The only aspect of this that differs significantly from the callbacks that MAME makes into its OSD layer is the 'ask for current controllers state' callback. The API that MAME provides to its OSD layer is to allow the OSD to provide a callback per input device to be called to get the current input state for every device; libmame, like the OSD implementations, acquires the state to provide in these callbacks via a single poll done once in every 'update' call from the emulator, but whereas the OSD implementations internally poll this state, libmame makes a callback out to acquire this state, and the form of the query is in a single large structure containing every possible game input which the callback is expected to update with the current input state. The important criterion here being that I think that this provides a very simple way for any user of the library to provide controller state; it doesn't have to worry about N callbacks, one for each possible input device for the game, instead it has to worry about 1 callback, which expect to get an update of the state of all input devices for the game. libmame takes care of the gory details of mapping input device callbacks to code that pulls the data from the results of that single large 'poll all controllers state' callback made to the user of libmame.

This API provides a mechanism for any program to run a game via the MAME emulator, and to control it, get the video and audio that it produces, and provide controller inputs to it. The obvious use is to link this into a program that interfaces with a human to show them the video and audio and solicit their input. This is in fact what I am primarily using this for - an 'integrated' frontend where MAME runs in the frontend process itself and is under complete control of the frontend, which can more seamlessly interact with it than typical frontends which just launch MAME and then get out of the way.

But there is a secondary possibility, and that is to replace the human with an A.I. And the most useful way to do this would be to create another API that would add facilities for making it easy to write a program that provides an API to play a game. However, there is a very important caveat here that I haven't explored in great detail:

It is necessary to be able to tell the current game state for a given game on a frame by frame basis. One way to do this is to expect the A.I. to take video and audio frames and interpret the video pixels/audio frames directly and come up with their own internal representation of the game state from that.
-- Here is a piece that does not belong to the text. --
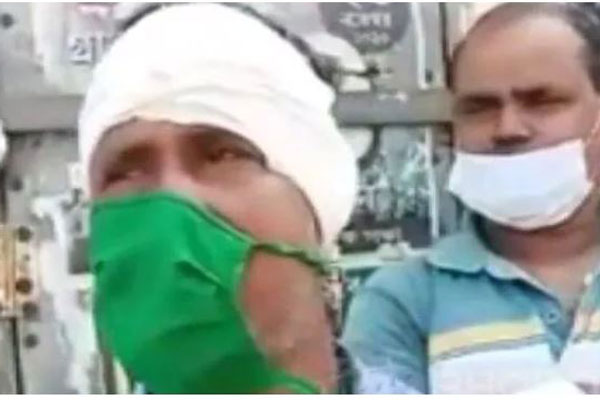 তৃণমূল নেতার ‘কানের মাংস কামড়ে তুলে নিল’ বিজেপির কর্মী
This would require very sophisticated image recognition techniques and it seems like it would be almost impossible for complex games. While it is an interesting aspect of game playing A.I., it's not one that I would expect every A.I. developer to want to have to deal with. So as an additional mechanism for getting game state, I would like to provide a definition of the game state for every game and a way to populate that game state from the running game. An example will help illustrate what I mean:

For Pac-man, the minimum game state that the A.I. would need is:
- Where on the screen is each ghost

The rest of it the A.I. could keep track of itself because it knows where Pac-man and each dot and power pill starts on the screen, and it knows what 'must have' happened on every game frame given its input. The only unknown is what the ghosts are doing because the game controls that, and so that is the only game state that would really need to be delivered to an A.I.

However, some other game state may be easy to deliver and may simplify some aspects of an A.I.:
- Where on the screen is Pac-man
- What dots are on the screen and where
- What power pills are on the screen and where
- What color are the ghosts (normal, blue, white)

Thus there is quite alot of variability in what one person may feel is game state that should be delivered to the A.I. versus what the A.I. should figure out for itself, even for a game as simple as Pac-man. My personal interests are not to write the 'eyes' and 'ears' of the A.I., but instead just the 'brains'. And so I personally would like the game state to tell me everything relevent that a human would normally know just from what their eyes and ears tell them. But others find the challenge of implementing the eyes and ears (i.e. turning pixels and audio into an ongoing accurate representation of the game state), so I would want to enable but not require that.

OK so for 'flavors' of the API that provide game state instead of video and audio to the A.I., where does this game state come from?

This is where I have uncertainty. I am just hoping and praying that it will be possible to deduce this information from values that can be extracted from the emulator in a knowable way each time a game is run. For example, for Pac-man:

- Would there be a specific set of memory addresses that contain the current locations of the ghosts that can be polled on every frame?

I am hoping that this is true. I know that the 'cheats' system of MAME exists and to me it demonstrates that there are certainly some aspects to games that can be intrusively read or written and consistently produce an expected result. I also know that these are very much on a game-by-game basis which would make adding 'game state' APIs a one-off for each game. This greatly adds to the work load of producing the framework for supporting an A.I.; but these can be done by people interested in writing the A.I.s so there can be an easy parallelism of the effort.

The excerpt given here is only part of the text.